[Caption-style text data]

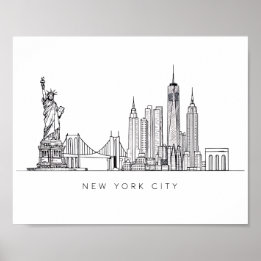 Poster Arte de Linha Minimalista do Horizonte de Nova Yor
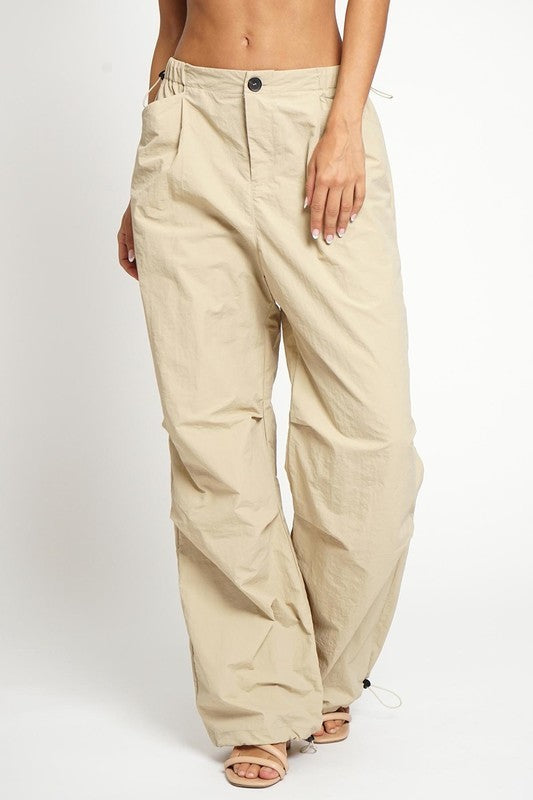 Khaki Colored Pull Cord Nylon Cargo Pants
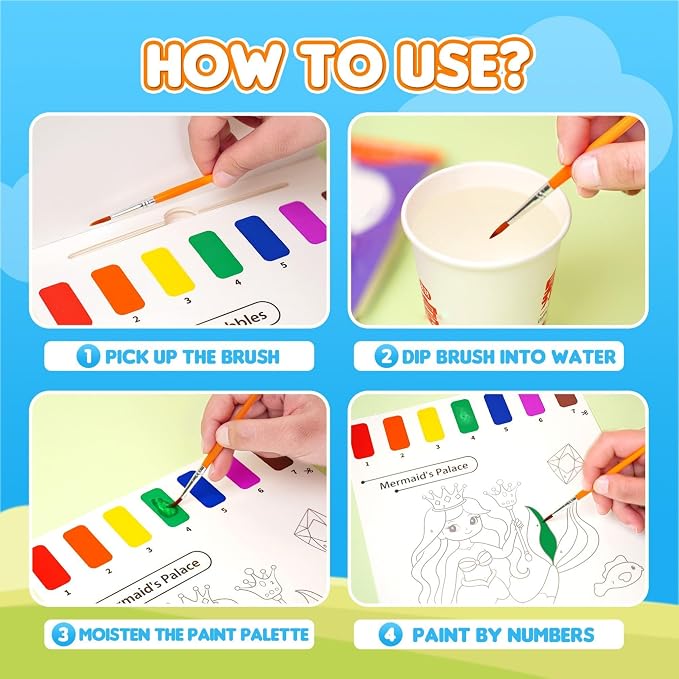 YPLUS Paint with Water Books for Toddlers, Art Craft Toys Watercolor Painting Paper, Gift for Kids Ages 1-3, 2-4, 4-6, Drawing with Brush - 5 Themes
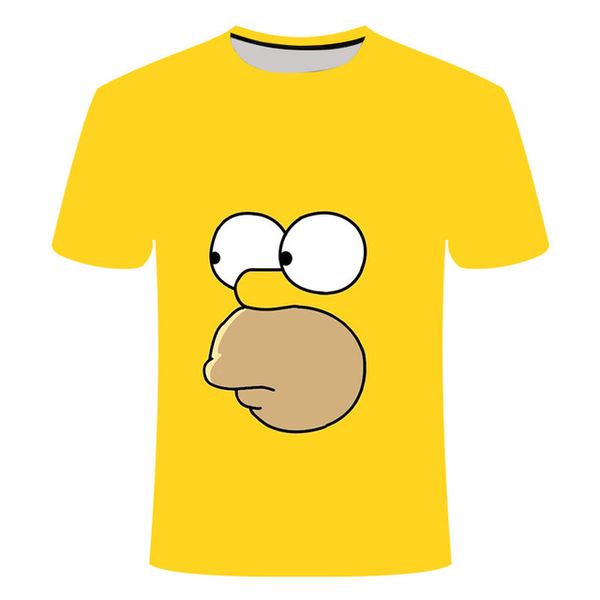 

simpsons with round collar and summer camiseta sportswear gym 3d print shirts graphic horror graphic men clothing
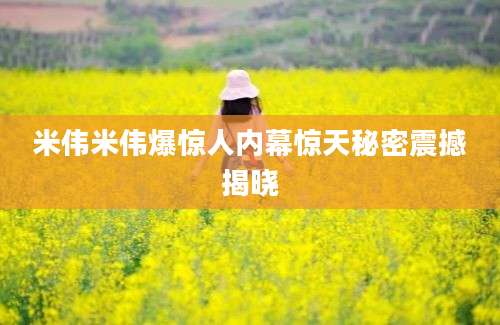 米伟米伟爆惊人内幕惊天秘密震撼揭晓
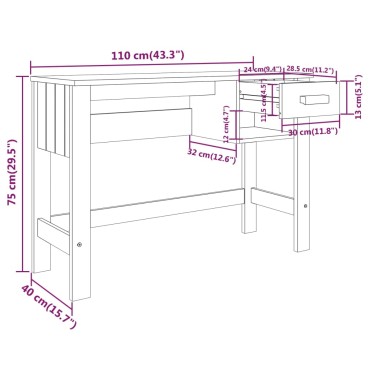 vidaXL Γραφείο HAMAR Αν. Γκρι 110x40x75cm από Μασίφ Ξύλο Πεύκου 1 τεμ.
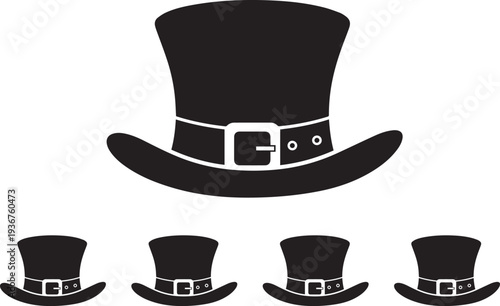 A group of top hats with buckle details Vector, illustration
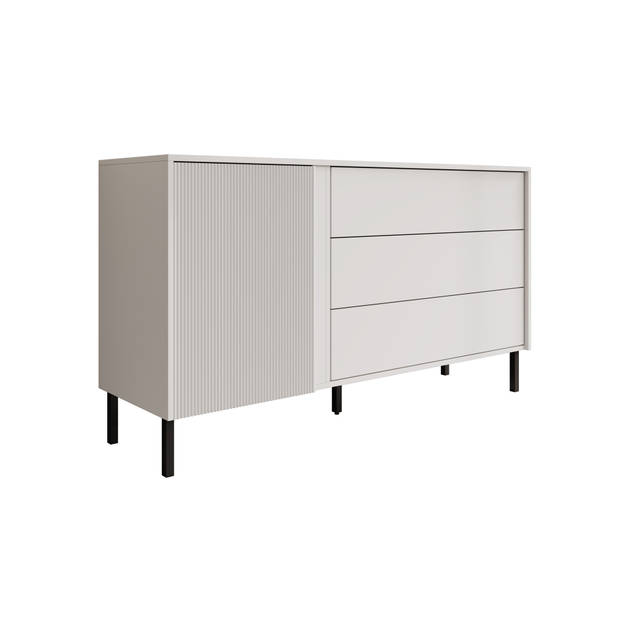 Meubella Dressoir Margareth - Wit - 145 cm - 3 lades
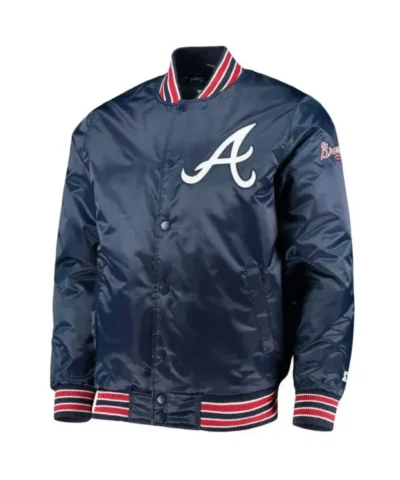 Shop Now The Diamond Atlanta Braves Navy Satin Jacket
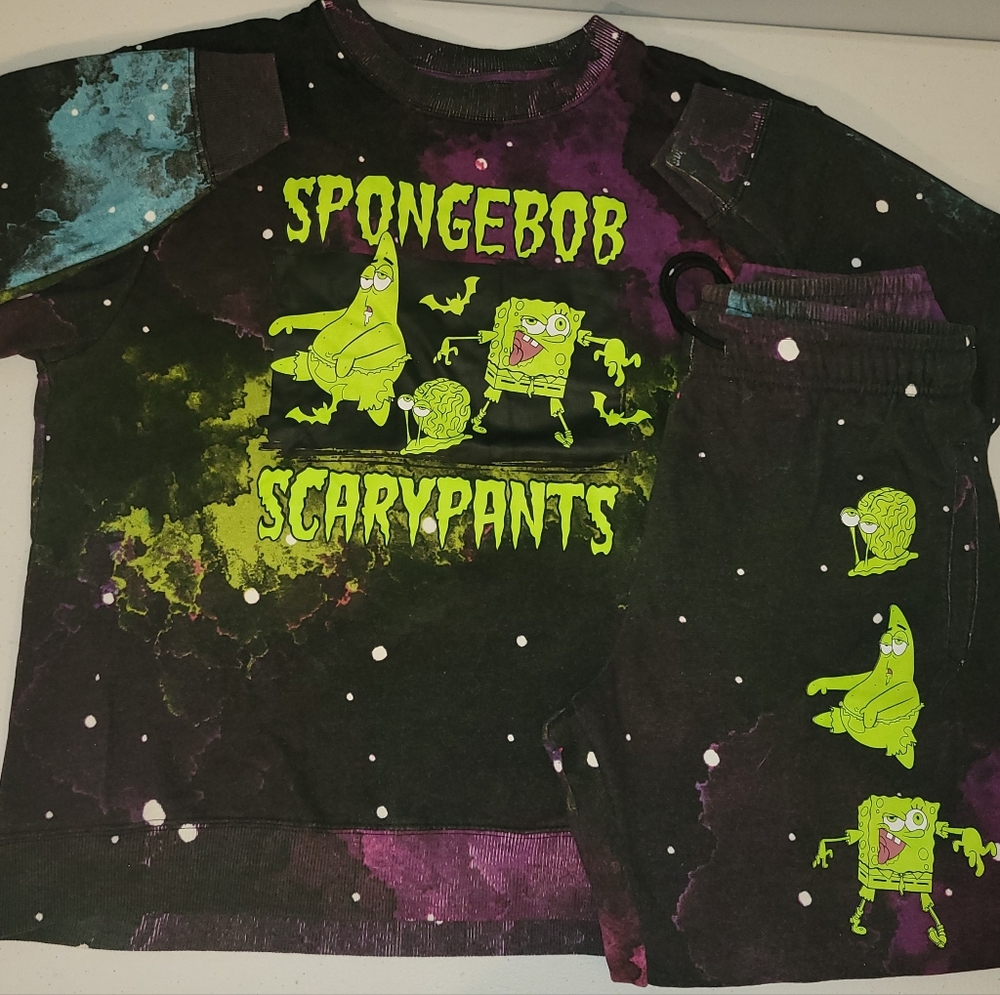 Spongebob sweat pants & sweat shirt Size Large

What you will do
Return only the lines from the one containing "Meubella Dressoir Margareth" through the last line of the entries above, exactly as written and without pictures.

Response box
 Meubella Dressoir Margareth - Wit - 145 cm - 3 lades
 Shop Now The Diamond Atlanta Braves Navy Satin Jacket
 Spongebob sweat pants & sweat shirt Size Large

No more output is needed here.